_EXERCISE OBJECTIVE_. The stretch from the line with "Citizen Labs CR 32/1 - Cali Rain Citizen" through the line with "Un hélicoptère blindé)" in the records below: write it out exactly, and nothing else.

_DATA FOR THIS TASK_.
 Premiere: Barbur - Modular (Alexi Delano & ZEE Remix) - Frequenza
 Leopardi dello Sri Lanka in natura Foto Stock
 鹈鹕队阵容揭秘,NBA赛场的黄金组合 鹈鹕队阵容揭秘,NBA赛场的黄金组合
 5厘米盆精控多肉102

* * *

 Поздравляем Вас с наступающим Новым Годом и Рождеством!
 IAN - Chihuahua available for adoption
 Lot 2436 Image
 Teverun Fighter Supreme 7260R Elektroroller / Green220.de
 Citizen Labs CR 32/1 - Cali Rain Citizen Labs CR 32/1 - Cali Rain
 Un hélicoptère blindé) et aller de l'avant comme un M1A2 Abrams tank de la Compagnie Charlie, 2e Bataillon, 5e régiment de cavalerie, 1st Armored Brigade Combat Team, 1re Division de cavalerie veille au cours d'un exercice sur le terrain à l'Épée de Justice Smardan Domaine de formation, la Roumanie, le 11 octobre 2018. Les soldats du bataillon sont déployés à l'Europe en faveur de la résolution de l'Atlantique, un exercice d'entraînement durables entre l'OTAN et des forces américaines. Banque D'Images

==

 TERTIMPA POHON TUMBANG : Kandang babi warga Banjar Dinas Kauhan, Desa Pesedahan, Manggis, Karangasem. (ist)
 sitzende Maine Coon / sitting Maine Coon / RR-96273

_WRITTEN ANSWER_.
 Citizen Labs CR 32/1 - Cali Rain Citizen Labs CR 32/1 - Cali Rain
 Un hélicoptère blindé) et aller de l'avant comme un M1A2 Abrams tank de la Compagnie Charlie, 2e Bataillon, 5e régiment de cavalerie, 1st Armored Brigade Combat Team, 1re Division de cavalerie veille au cours d'un exercice sur le terrain à l'Épée de Justice Smardan Domaine de formation, la Roumanie, le 11 octobre 2018. Les soldats du bataillon sont déployés à l'Europe en faveur de la résolution de l'Atlantique, un exercice d'entraînement durables entre l'OTAN et des forces américaines. Banque D'Images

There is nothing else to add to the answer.